=== THE PROBLEM ===
From the line containing "JBL Charge 5 nešiojama kolonėlė, Mėlyna" through the end of the entries, please repeat every line exactly and nothing more; the pictures do not belong in the copy.

Crawled caption data
○ ○ ○ ○

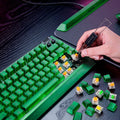 Razer Blackwidow V4 75 Percent Phantom Green Edition Mechanical Gaming Keyboard with Tactile Switches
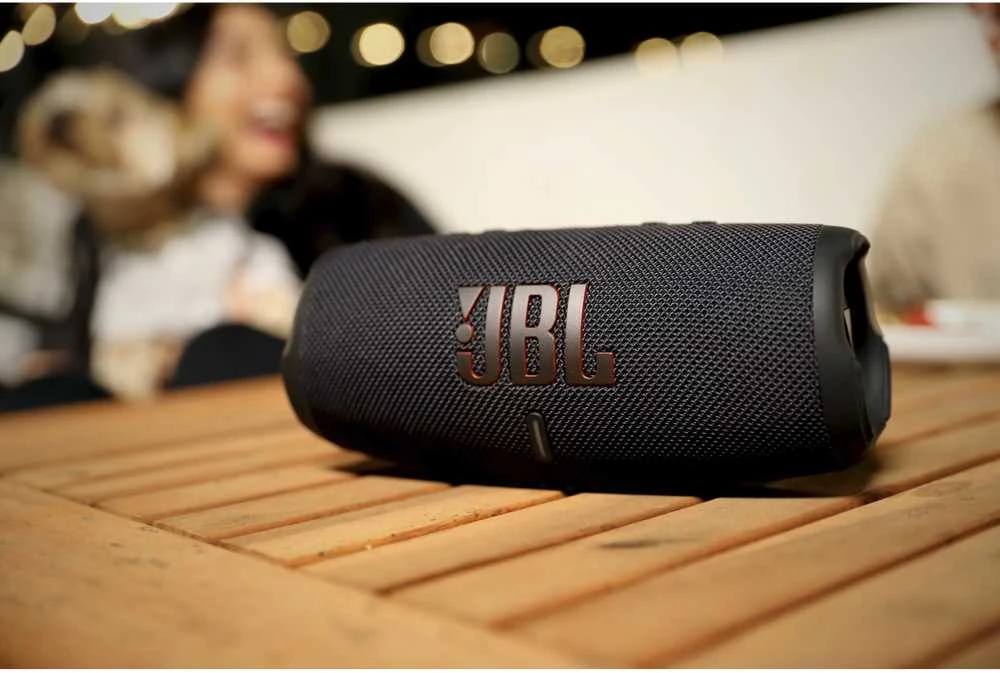 JBL Charge 5 nešiojama kolonėlė, Mėlyna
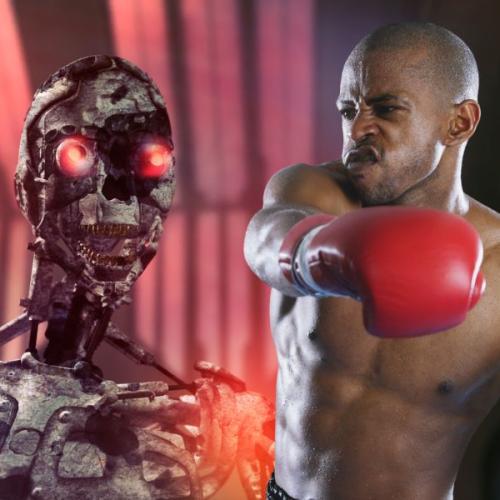 REK “made history” with the first Human VS Terminator robot fight! Now California wants it shut down.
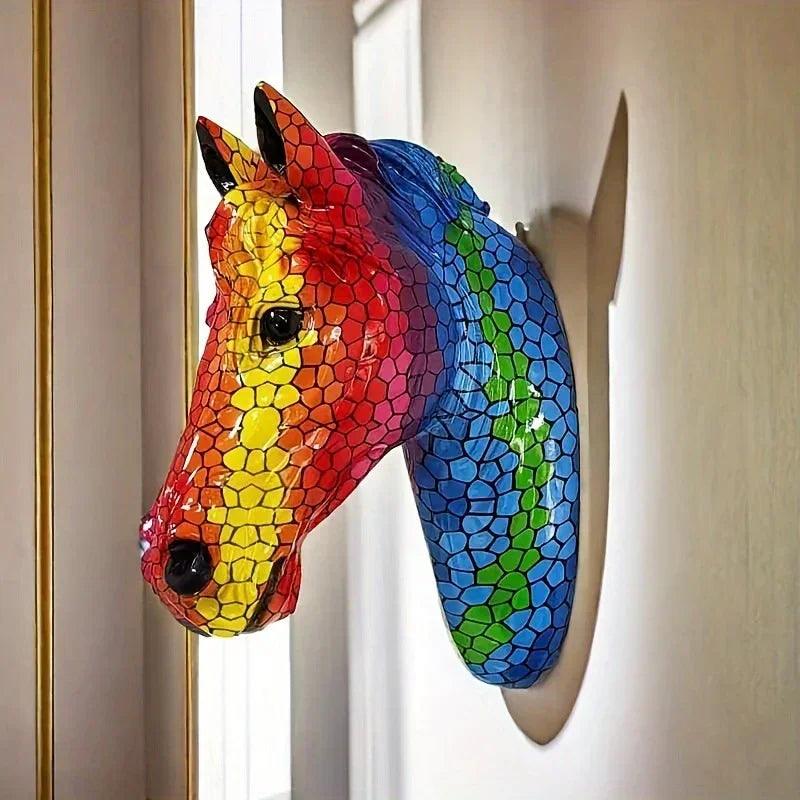 Horse Head - Handcrafted Gold Large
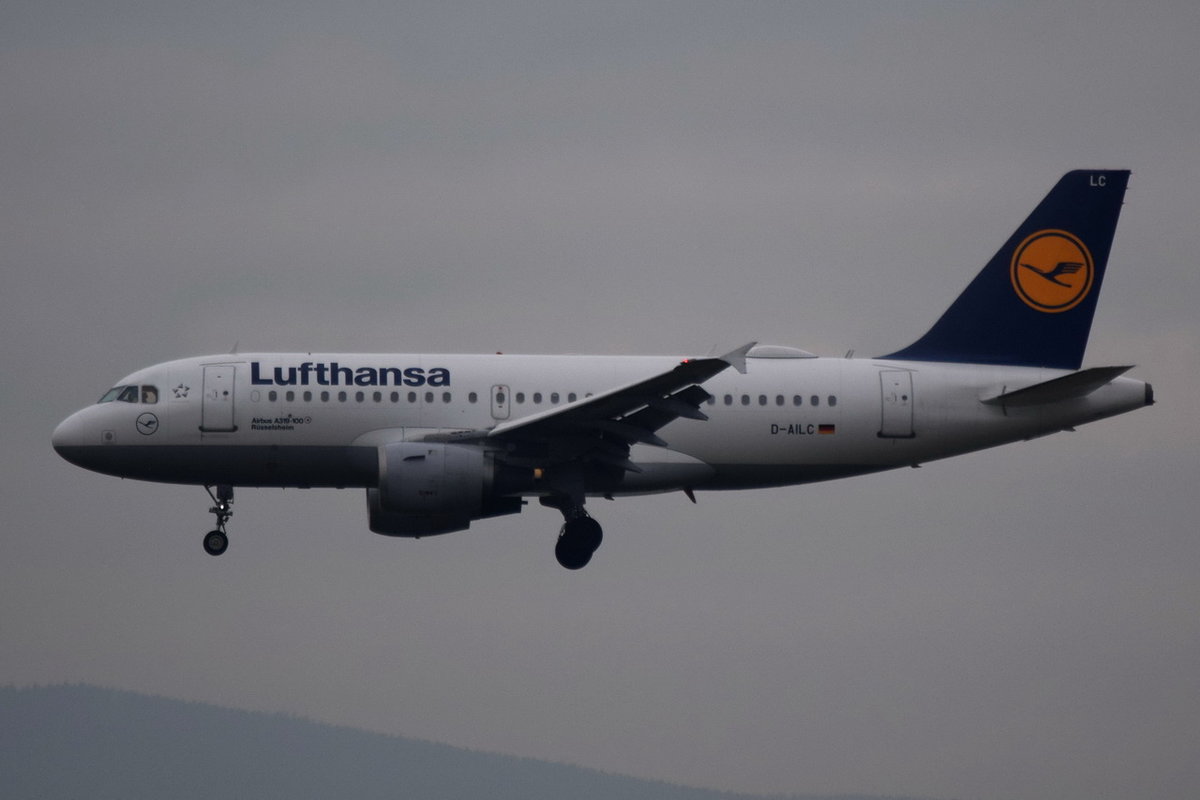 D-AILC Lufthansa Airbus A319-114  Rüsselsheim   , FRA , 06.12.2017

○ ○ ○ ○

=== RESULT OF THIS TASK ===
 JBL Charge 5 nešiojama kolonėlė, Mėlyna
 REK “made history” with the first Human VS Terminator robot fight! Now California wants it shut down.
 Horse Head - Handcrafted Gold Large
 D-AILC Lufthansa Airbus A319-114  Rüsselsheim   , FRA , 06.12.2017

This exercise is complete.